■ Your assignment:
In the entries below, copy only the lines from the one that contains "Metal Foldable Golf" through the last line, exactly, and omit any pictures.

Short descriptive text snippets:

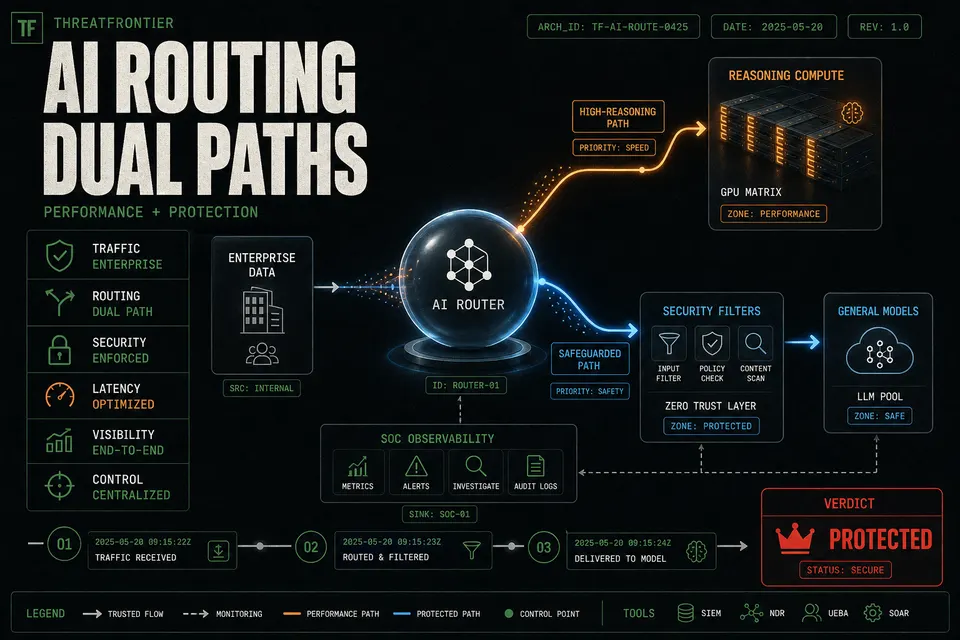 3D editorial illustration depicting enterprise AI compute routing and SOC security safeguards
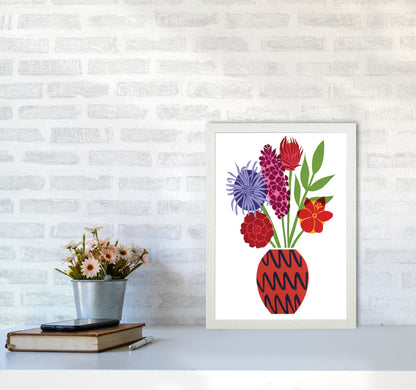Zig Zag Vase Art Print by Kate Heiss A3 Oak Frame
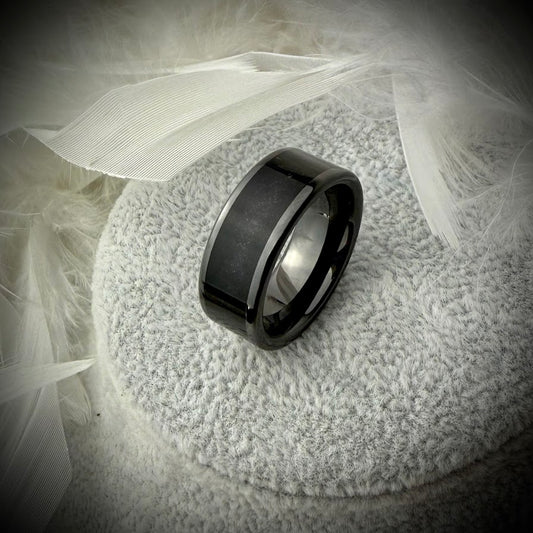 Black Ceramic 8mm Channel Memorial Ring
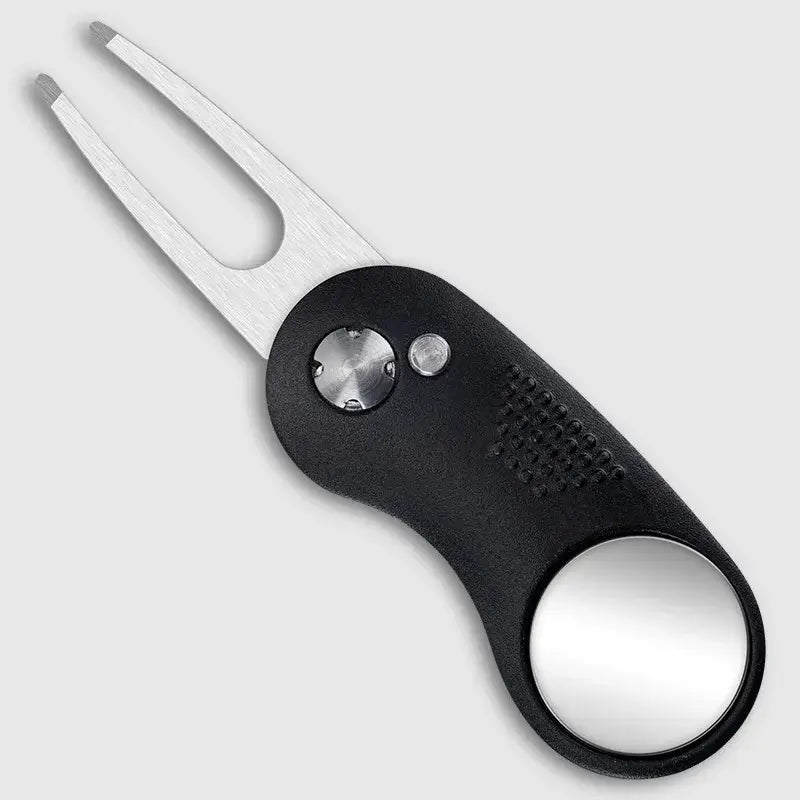 Metal Foldable Golf Divot Repair Tool with a black handle and stainless steel prongs.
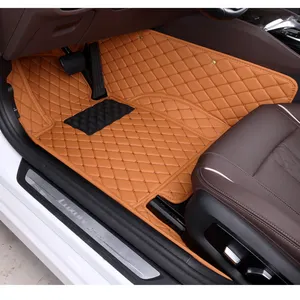 Personalizzato 3D 5D tappetino auto pieno avvolti tappetini auto 4 pezzi in pelle doppio tappeto per auto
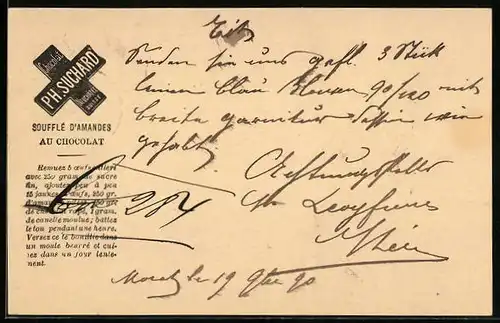 Vorläufer-AK Neuchatel, 1890, Chocolat Suchard, Soufflé d`amandes au chocolat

■ Your response:
 Metal Foldable Golf Divot Repair Tool with a black handle and stainless steel prongs.
 Personalizzato 3D 5D tappetino auto pieno avvolti tappetini auto 4 pezzi in pelle doppio tappeto per auto
 Vorläufer-AK Neuchatel, 1890, Chocolat Suchard, Soufflé d`amandes au chocolat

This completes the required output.